# How much a New Stihl SR200 warranty worths?



## Vocian (May 6, 2020)

I'm planning to buy a Stihl SR200 backpack sprayer for mosquito control. I found a private seller on Facebook, who is selling all new Stihl equipment a little bit cheaper than a dealership price. For an SR200 he asks for $377 versus $400 in the dealership ($426 plus taxes) which translates to $50 savings, but since he is not an official dealer he cannot offer an official warranty.
My question is how reliable is the Stihl SR200 and how good is the warranty and if it worths $50?


----------



## M5Pilot (Jun 12, 2019)

I have a lot of Stihl products including the SR430 backpack sprayer because it comes with an engine-driven pump already installed to get higher up into the trees. If it were me I'd buy from the dealer because it already comes with a 2-year warranty and if you buy a 6 pack of 1-gallon oil mix, they double the warranty to 4 years. However, as a homeowner, I've never had to take any of my Stihl products in for warranty work. Call around too as they usually will come off the MSRP I've found.


----------



## Gilley11 (Nov 3, 2019)

That's not a good enough deal to not get a warranty. For me personally he'd have to be at $300 or better.

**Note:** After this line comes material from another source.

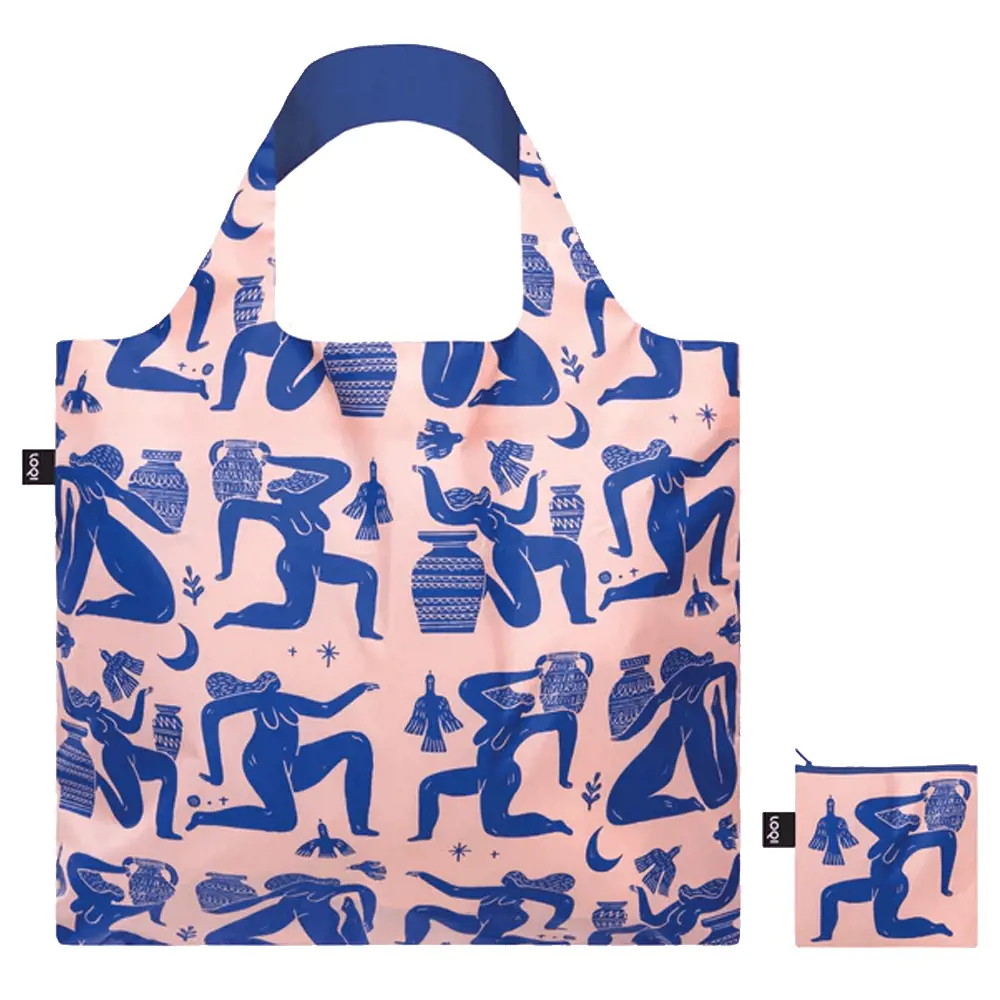 Loqi Ladies And Vases Recycled Bag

Buying from someone is the same as buying used, even if it's brand new.


----------



## craigdt (Apr 21, 2018)

Just get it from your local Stihl dealer.


----------



## Vocian (May 6, 2020)

Thank you all! I came into same conclusion as well.


----------



## 7474 (Aug 20, 2018)

I have the SR430 for $500, but I'm in Northeast Ohio. Have only used a handful of times. Retails for $660 before tax.


----------



## Vocian (May 6, 2020)

Thank you! Probably the shipping cost is going to be a lot to northern Virginia. Besides, I think SR430 would be an overkill for my yard. I live in a quarter-acre property with no high trees and neither the higher capacity tank nor the longer throwing distance would help me and I have to carry heavier equipment. Maybe a good investment for my next house but I'm not sure when that's going to happen.


----------